A triumphant Lt. Col. Jack Van Loan greeted a crowd of nearly 2,000 people at Davis-Monthan Air Force Base on March 24, 1973, after he was released from captivity in North Vietnam. Van Loan spent nearly six years in a North Vietnamese prison.

Air Force Lt. Col. Jack Van Loan received a hero’s welcome when he returned to Tucson on March 24, 1973, after almost six years in a North Vietnamese prison.

A cheering crowd of about 2,000 greeted the decorated fighter pilot as he stepped onto the red carpet at Davis-Monthan Air Force Base 20 days after his release from the notorious “Hanoi Hilton,” where he was held — and tortured — alongside fellow POW John McCain.

Glenn Van Loan, who was 11 at the time, remembers people in the crowd handing his father the POW bracelets they had been wearing for him, loading him up with the engraved metal bands until his arms were covered with them.

“Tucson was amazing to receive him back that way,” Glenn said.

Tucson’s first prisoner of the Vietnam War died Oct. 13 at his home in South Carolina.
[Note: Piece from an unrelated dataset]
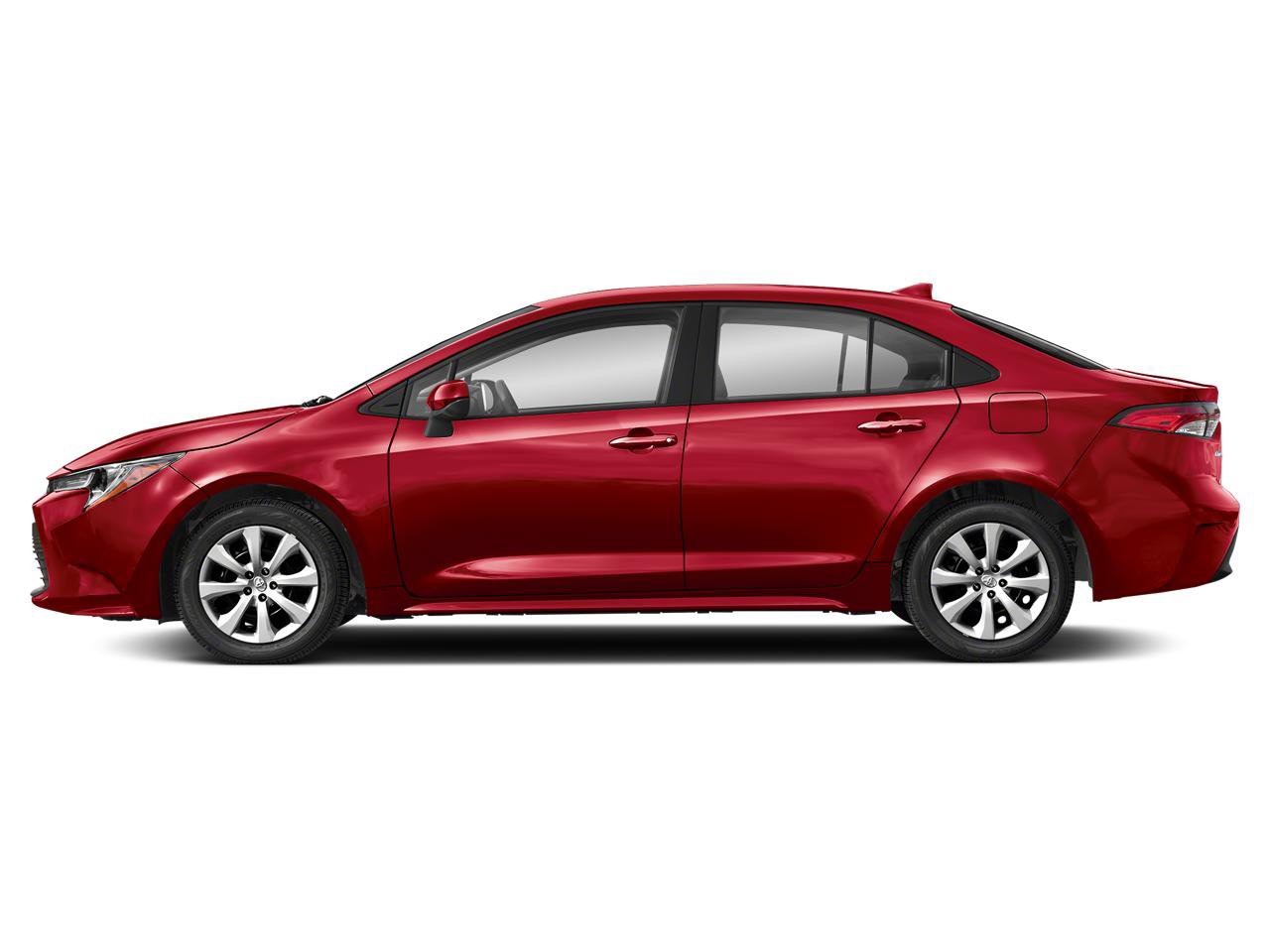 New 2026 Toyota Corolla LE FWD image 36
He was 87.

Jack Van Loan was held captive in Vietnam. His POW experiences are detailed in, “Chained Eagles, The Story of Col. Jack Van Loan and the Vietnam POWs in North Vietnam.”

They “Never gave up hope, never quit”

Jack Van Loan was born Dec. 16, 1931, in Eugene, Oregon. He earned a degree in business administration from Oregon State College and joined the Air Force in 1954.

After several postings, he ended up at Davis-Monthan, where he trained to fly F-4 Phantom fighter jets before being sent to Southeast Asia in December 1966.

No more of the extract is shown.